Sahar had a beautiful soul, one that radiated warmth and light. She was ambitious and full of life, always striving for more, always dreaming bigger. She had a way of making everyone around her feel seen and heard, no matter who they were. Whether you were a close friend or a stranger, she gave you her undivided attention, making you feel valued and special.
She expressed herself through her passions, writing, music and art. Her journals were filled with reflections, her thoughts woven into words that spoke of gratitude, love and life’s beauty. Music was her sanctuary and art was her voice. Sahar’s creativity was boundless and she left pieces of herself in everything she touched.
This Christmas Day would have been her 40th birthday. It’s impossible not to imagine how she would have celebrated, how her laughter would have filled the room and how her warmth would have drawn people together. Instead, we are left with memories and the ache of her absence. But even in our grief, we honour her by remembering her light, her dreams and the love she shared so freely.
As I write this, I can feel the tears rolling down my cheeks. My jaw is clenched and my chest feels heavy. The memories of Sahar are so vivid that it feels like she’s here with me, but the ache of her absence is undeniable. I miss her so, so much. Writing this blog is both cathartic and deeply painful.
Sahar’s own words often guide me. One memory of hers, written in her own hand, gives me strength in moments like this:
“As it was time for sunset, I got up to turn the lights on because I usually feel very claustrophobic in the dark…
Rain is a blessing from the Almighty Lord so just as we appreciate and are thankful for each and ever barakah that He has bestowed upon us, we should also be grateful for rain. Not complain about it, not worry if our hair will get wet and frizzy cos we have spent half an hour straightening it… so what? It can be straightened again. Not get annoyed at it cos if the rain falls on our faces it will smudge our makeup… your makeup can be re-applied. Not to curse at how our clothes are going to get wet and ruined… clothes will dry again. Not worry ourselves that we will catch a fever or cold due to getting wet… always remember that whatever befalls us beyond our control is what Allah SWT has already written for us and it is in His will so if it’s written for you to catch a cold you will no matter how much you try to avoid it.
The feeling was just amazing, I felt so happy, so more relaxed and so in tune with it all…
Alhumdullilahi Rabbil Alamin.”
Her words remind me to pause and reflect, to breathe through the pain, and to find gratitude even in the smallest moments.
Trauma is not something you can leave behind.
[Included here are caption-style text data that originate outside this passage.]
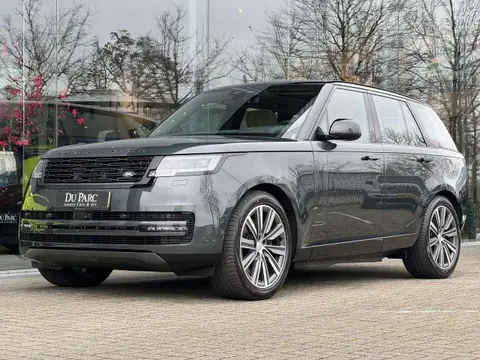 Annonce LAND ROVER RANGE ROVER Hybride 2024 d'occasion 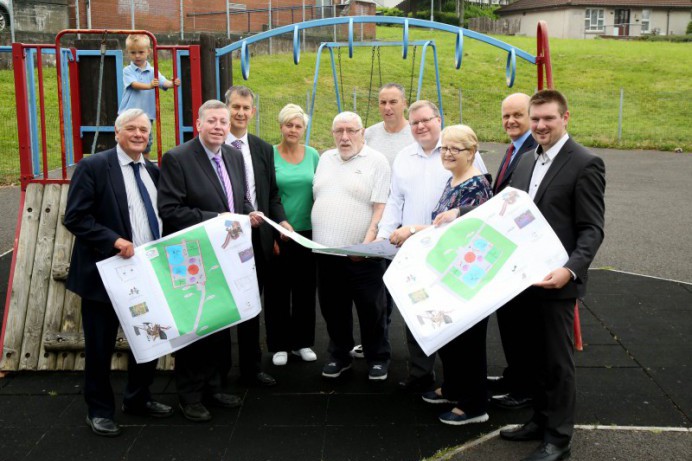 Council to Revamp Four Play Parks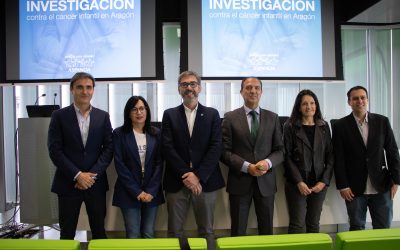 Un proyecto coordinado por el Instituto de Carboquímica recibe una inversión de Aspanoa para impulsar inmunoterapias contra el cáncer infantil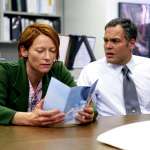 Tilda Swinton, Vincent D'Onofrio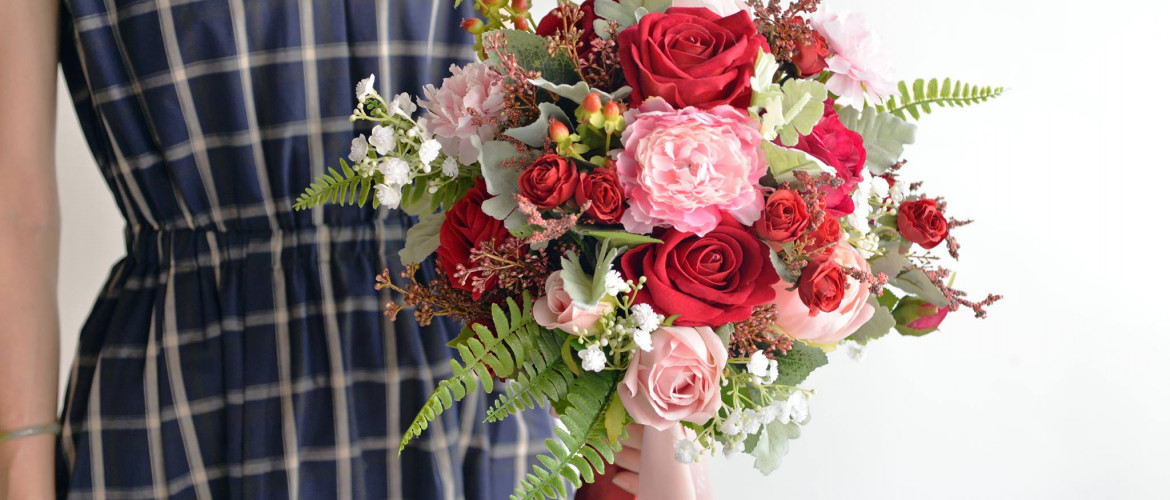 Artificial Bouquet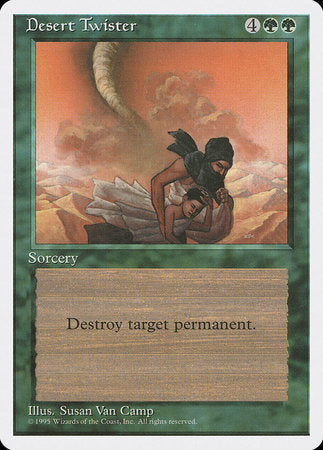 Desert Twister [Fourth Edition] | Cracking-Singles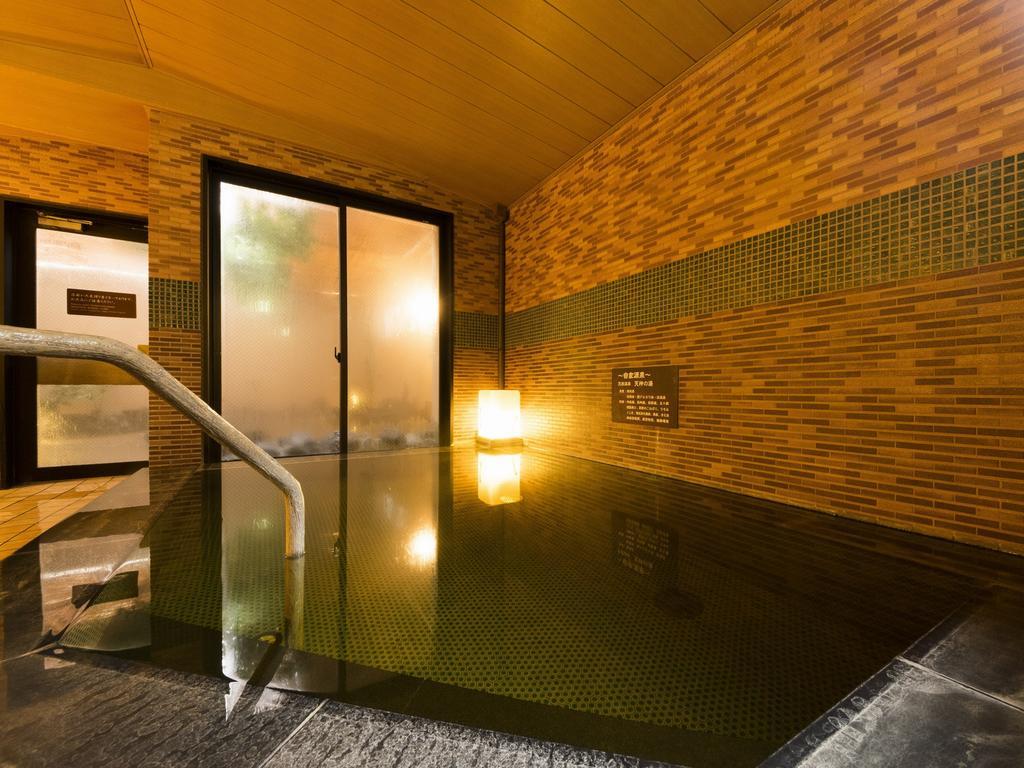 Dormy Inn Umeda Higashi Natural Hot Spring Осака Экстерьер фото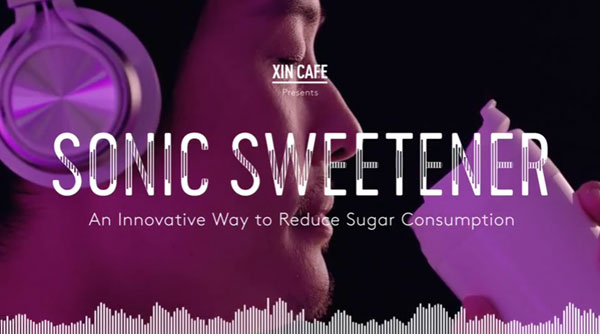 Sonic Sweetener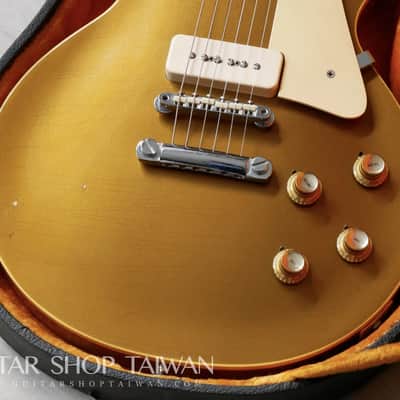 Vintage 1968/69 Gibson Les Paul Standard Goldtop image 6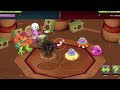 My Singing Monsters - All Colossingum Moves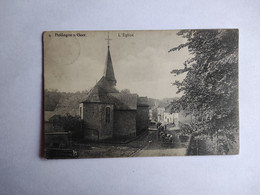 44668 -  Hollogne  Sur  Geer  L'église - Geer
It lives in the body. In the tension of clenched fists, the ache of hunched shoulders and the tightness of a chest filled with grief. For me, healing began when I started to pay attention to these signs. My body was holding the pain in ways I didn’t realise.
Through somatic healing, I began to listen to what my body was trying to tell me. I noticed where the grief lived, in my jaw, in my chest and in the pit of my stomach. Healing didn’t mean forgetting or erasing the pain. It meant acknowledging it, feeling it and slowly, gently releasing it.
Somatic practices taught me to reconnect with my body, to breathe through the tension and to honour the emotions I had buried. It wasn’t easy and it still isn’t, but every step forward feels like a tribute to Sahar, a way to honour her memory and her light.
To anyone who has experienced a loss like this, I want you to know that you are not alone. The pain is real and the journey is long, but healing is possible. Allow yourself to feel, to grieve, to cry. And when you’re ready, allow yourself to heal.
For Sahar. For her memory. For the love she left behind. Alhumdulillah.